Todos os dias nos chegam, através da mídia, notícias dos mais variados tipos de
violências vivenciadas na sociedade brasileira e mesmo um âmbito internacional.
Particularmente observa-se, dentro das escolas, crianças e adolescentes cometendo
infrações que se caracterizam por agressões verbais, físicas, pichações, bullings e frutos,
sem nenhuma causa aparente que justifique tais ações ou comportamentos. Esses tipos de
comportamentos, além de despertar o interesse em compreender o fenômeno da violência
de forma ampla, por parte das autoridades competentes, exigem também, daquele que se
dedicam à esfera educacional, um olhar mais atento e observador, quanto aos
comportamentos estudantis, suas manifestações e consequências no cotidiano escolar.
Vítima da violência, a criança, além de reproduzi-la, pode reagir através de uma
mudança brusca de comportamento. Falta de atenção, baixa auto-estima, variação de
humor e agressividade são alguns sinais aos quais os pais e educadores devem estar
sempre atentos.
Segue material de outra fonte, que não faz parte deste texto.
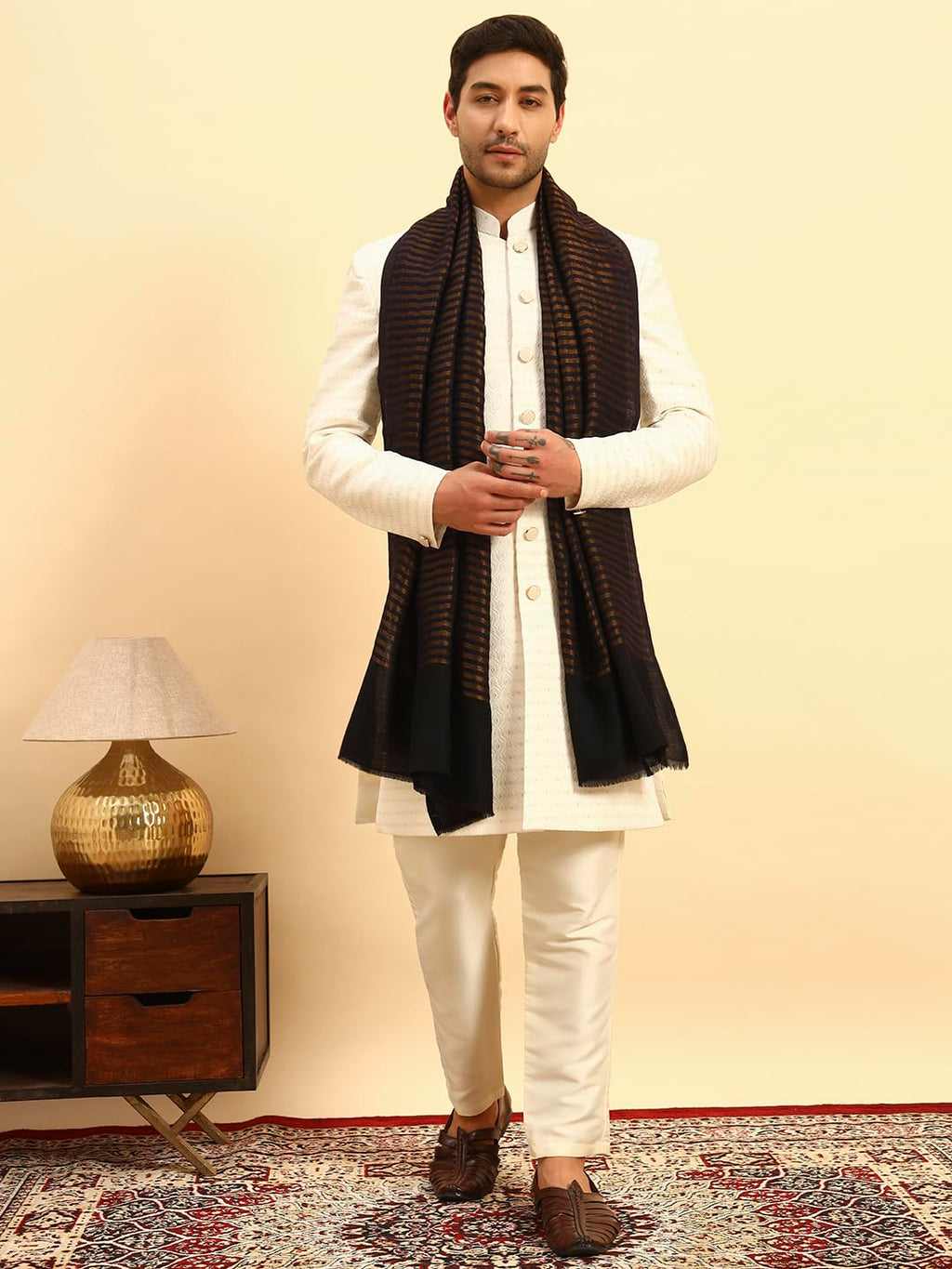 Pashmoda Men Golden Eclipse Reversible Zari Moonlight Fine Wool Stole (Size-28x80in, 71x203cm) MZSST03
No entanto, apesar da violência ocorrer dentro das escolas, não é gerado
pela escola em si, mas por fatores externos, como famílias desestruturadas, narcotráfico,
conflitos sociais etc. Dessa forma, se faz necessário identificar os tipos de violência
sofridos pelas crianças, para melhor compreender seus reflexos no ambiente escolar.
Se as formas aparentes da violência são de fácil percepção, as formas psicológicas
ocasionadas por ameaças, humilhações, intimidações, rejeição e desrespeito, nem sempre
são percebidas e, muitas vezes, podem ser ainda mais graves. A invisibilidade desse tipo
de agressão contribui para gerar um ambiente de segregação dentro das escolas, com
grupelhos que marcam seu campo, seu espaço pela violência.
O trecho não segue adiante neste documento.